People may argue that AI and 3D art is not art in the sense that has been considered as such in the past. Of course, the concept of ‘art’ has changed a lot in recent times, although in my opinion, it is just an evolution of what has been conceived as an artistic product of our times. What is your opinion on art in the digital era? And how does your work relate to these problematics?
In the press release of my latest show I purposely mentioned that topic. Asking the audience what they think ..is it art or not ? Looking at the massive response in London it looks like the Audience considers it art :) I myself agree with you that it’s just the evolution of art. The same way it happened with film (animation CGI) and music (electronic/sample based). The complaints come usually from people that can’t keep up with the reality and speed of technology.
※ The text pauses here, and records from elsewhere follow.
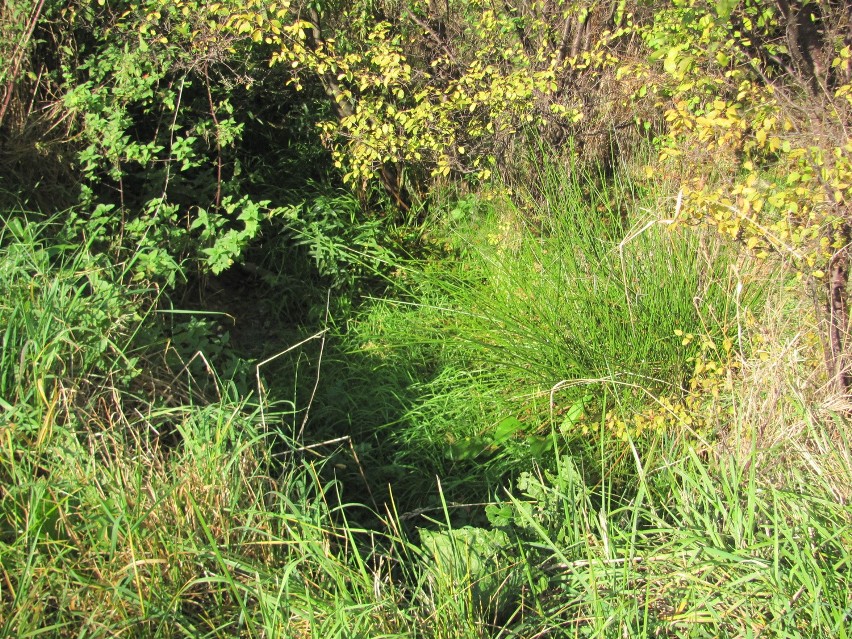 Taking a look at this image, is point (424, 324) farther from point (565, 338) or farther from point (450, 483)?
point (450, 483)

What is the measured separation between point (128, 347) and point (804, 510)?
2531 mm

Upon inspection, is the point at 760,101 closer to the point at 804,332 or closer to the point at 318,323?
the point at 804,332

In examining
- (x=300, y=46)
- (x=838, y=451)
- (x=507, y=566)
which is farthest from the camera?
(x=300, y=46)

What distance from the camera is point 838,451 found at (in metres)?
2.80

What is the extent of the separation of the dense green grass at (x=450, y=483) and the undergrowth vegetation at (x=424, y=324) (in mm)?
18

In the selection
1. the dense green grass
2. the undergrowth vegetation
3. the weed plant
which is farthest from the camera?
the weed plant

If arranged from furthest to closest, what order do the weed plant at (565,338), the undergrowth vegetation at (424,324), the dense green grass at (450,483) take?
1. the weed plant at (565,338)
2. the undergrowth vegetation at (424,324)
3. the dense green grass at (450,483)

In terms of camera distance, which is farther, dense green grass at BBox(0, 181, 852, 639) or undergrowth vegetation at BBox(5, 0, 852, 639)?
undergrowth vegetation at BBox(5, 0, 852, 639)

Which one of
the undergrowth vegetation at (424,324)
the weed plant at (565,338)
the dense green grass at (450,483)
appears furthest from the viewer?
the weed plant at (565,338)

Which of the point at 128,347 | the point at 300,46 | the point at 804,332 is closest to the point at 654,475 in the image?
the point at 804,332

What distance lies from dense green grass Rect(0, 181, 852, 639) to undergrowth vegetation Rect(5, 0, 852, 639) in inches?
0.7

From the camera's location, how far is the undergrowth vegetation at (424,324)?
2355mm

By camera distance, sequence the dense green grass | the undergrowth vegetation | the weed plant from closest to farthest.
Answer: the dense green grass
the undergrowth vegetation
the weed plant

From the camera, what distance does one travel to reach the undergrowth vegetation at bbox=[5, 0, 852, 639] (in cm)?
236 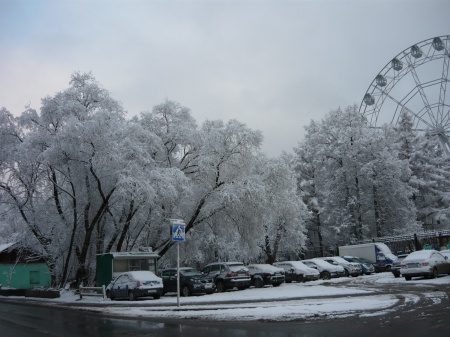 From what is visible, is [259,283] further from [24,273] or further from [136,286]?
[24,273]

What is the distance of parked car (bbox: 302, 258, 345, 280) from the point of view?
31.4 m

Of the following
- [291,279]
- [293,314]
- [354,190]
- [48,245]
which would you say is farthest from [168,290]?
[354,190]

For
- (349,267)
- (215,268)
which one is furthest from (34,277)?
(349,267)

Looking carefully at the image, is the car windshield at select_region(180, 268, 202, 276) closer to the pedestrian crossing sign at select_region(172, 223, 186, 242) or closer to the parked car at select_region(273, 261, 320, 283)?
the pedestrian crossing sign at select_region(172, 223, 186, 242)

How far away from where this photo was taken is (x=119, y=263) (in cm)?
2606

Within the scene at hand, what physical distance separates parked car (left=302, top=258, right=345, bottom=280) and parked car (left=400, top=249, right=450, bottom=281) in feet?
26.2

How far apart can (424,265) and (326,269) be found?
9.38 metres

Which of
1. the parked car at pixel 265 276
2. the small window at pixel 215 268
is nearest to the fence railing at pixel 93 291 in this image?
the small window at pixel 215 268

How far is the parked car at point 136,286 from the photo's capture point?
2168 centimetres

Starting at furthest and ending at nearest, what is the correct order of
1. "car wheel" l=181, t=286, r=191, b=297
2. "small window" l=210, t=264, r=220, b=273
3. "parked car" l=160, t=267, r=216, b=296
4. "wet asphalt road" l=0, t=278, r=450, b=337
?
"small window" l=210, t=264, r=220, b=273, "car wheel" l=181, t=286, r=191, b=297, "parked car" l=160, t=267, r=216, b=296, "wet asphalt road" l=0, t=278, r=450, b=337

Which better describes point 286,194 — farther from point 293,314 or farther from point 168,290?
point 293,314

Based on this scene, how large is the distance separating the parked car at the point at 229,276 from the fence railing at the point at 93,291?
237 inches

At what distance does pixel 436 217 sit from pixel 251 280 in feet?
92.6

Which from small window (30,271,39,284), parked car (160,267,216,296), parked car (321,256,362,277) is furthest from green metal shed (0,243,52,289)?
parked car (321,256,362,277) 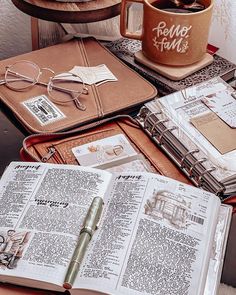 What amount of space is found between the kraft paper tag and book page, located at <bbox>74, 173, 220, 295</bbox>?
0.10 meters

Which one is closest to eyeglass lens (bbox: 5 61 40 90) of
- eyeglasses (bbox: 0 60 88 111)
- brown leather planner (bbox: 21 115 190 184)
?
eyeglasses (bbox: 0 60 88 111)

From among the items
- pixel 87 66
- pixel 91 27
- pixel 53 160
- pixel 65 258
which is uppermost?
pixel 91 27

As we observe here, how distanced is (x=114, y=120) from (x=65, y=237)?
0.26m

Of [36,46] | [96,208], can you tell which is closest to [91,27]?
[36,46]

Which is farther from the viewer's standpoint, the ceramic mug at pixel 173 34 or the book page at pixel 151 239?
the ceramic mug at pixel 173 34

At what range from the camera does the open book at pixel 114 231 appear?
591mm

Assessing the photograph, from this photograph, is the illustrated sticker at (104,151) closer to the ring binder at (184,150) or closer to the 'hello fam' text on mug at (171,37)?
the ring binder at (184,150)

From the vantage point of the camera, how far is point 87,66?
3.02 ft

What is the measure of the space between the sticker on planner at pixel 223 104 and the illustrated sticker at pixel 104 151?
0.47ft

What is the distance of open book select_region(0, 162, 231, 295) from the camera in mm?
591

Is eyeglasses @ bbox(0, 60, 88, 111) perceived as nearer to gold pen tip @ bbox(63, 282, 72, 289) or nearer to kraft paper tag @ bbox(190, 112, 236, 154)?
kraft paper tag @ bbox(190, 112, 236, 154)

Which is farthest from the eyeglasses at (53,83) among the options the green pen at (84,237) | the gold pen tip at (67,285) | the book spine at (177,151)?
the gold pen tip at (67,285)

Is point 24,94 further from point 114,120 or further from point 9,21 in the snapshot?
point 9,21

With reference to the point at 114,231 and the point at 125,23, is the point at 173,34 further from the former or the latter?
the point at 114,231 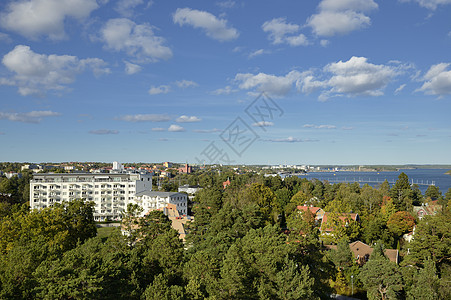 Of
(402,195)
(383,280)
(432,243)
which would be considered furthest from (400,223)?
(383,280)

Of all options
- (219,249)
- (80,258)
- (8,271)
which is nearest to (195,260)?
(219,249)

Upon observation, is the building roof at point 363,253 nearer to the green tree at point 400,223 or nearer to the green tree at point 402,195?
the green tree at point 400,223

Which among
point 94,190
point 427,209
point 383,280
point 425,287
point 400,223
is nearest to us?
point 425,287

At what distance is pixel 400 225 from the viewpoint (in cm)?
3491

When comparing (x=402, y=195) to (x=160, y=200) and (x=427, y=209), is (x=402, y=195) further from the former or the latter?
(x=160, y=200)

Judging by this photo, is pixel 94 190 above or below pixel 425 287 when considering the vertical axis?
above

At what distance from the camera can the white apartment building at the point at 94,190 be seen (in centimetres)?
5331

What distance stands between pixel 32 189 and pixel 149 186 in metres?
18.5

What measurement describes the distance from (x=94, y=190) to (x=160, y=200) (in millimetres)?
12896

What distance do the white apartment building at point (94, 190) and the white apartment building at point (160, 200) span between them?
2729mm

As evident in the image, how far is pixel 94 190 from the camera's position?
2157 inches

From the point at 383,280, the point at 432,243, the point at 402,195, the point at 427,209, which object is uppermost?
the point at 402,195

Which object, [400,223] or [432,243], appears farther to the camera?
[400,223]

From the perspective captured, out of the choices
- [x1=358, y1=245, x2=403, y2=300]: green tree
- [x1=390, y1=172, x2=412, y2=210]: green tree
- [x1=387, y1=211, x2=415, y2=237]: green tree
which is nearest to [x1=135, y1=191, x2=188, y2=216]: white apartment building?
[x1=387, y1=211, x2=415, y2=237]: green tree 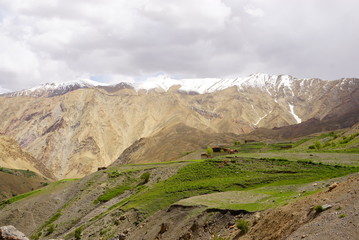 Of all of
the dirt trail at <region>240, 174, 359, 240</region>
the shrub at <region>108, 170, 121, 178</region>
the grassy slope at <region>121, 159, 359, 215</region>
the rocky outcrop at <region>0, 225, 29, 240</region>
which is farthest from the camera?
the shrub at <region>108, 170, 121, 178</region>

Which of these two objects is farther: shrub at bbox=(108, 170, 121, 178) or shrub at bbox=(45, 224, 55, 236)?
shrub at bbox=(108, 170, 121, 178)

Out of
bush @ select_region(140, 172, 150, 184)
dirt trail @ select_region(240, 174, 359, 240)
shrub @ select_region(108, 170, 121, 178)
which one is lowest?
bush @ select_region(140, 172, 150, 184)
You started as a music artist and then you decided to follow another path, the one of visual art, film, and photography. What made you change the media to express yourself? And why?
I started with traditional art pretty much at the same time as music, but music got picked up quicker, but as soon as I had my first record deal I wanted to make the cover artwork myself which was a mixed media piece and then later also wanted to control the video element since I wasn’t satisfied with the first results made by others. I taught myself to do all these things, so I knew the outcome would always be the way I envisioned. Obviously this didn’t always turn out great , but at least I could blame myself and work harder to get a better result next time. I think it’s also the ultimate form of expression… to be able to create matching sound and visuals.
I have noticed that, especially on your Instagram, there is a recurrent image of a big eye, sometimes represented as a third eye, sometimes as a sort of non- human face with no nose and mouth. Is there a specific reason why you used such an image?
I’m fascinated by eyes and I believe in the third eye concept. There’s something really deep about looking someone in the eyes. Most people get uncomfortable by that and when you do it changes the energy a lot. Like Hypnosis, and when I make these eye pieces I make the audience look into those eyes, so I’m kind of making them feel uncomfortable looking into them as well as hypnotizing them into my dimension. Also, When I do film or photography I use a certain way and style that I consider voyeuristic and I often make the actor/model feel like they’re alone, but being watched.
As well, you have a fashion eye: in the sense that all the “costumes” represented are highly detailed and really reflect the zeitgeist of this era in fashion. Moreover, fashion is slowly facing the world of virtuality, paradoxically. What’s your thought around fashion and how do you relate it with your art?
I’ve always loved fashion and admired the more artistic designers like Alexander Mc Queen, Martin Margiela, Olivier Theyskens, Rei Kawakubo and Rick Owens. They have influenced me as much as other artists. It’s deeply in my system and I would never make anything without some kind of fashion statement in it. For the future, I think people are already making clear statements on social media as to what they (like to) wear and soon that will be taken to a next level when technology is ready for highly detailed avatars crossing over even more with art. I feel like the images of my new exhibition can be looked at as some kind of blue print for that.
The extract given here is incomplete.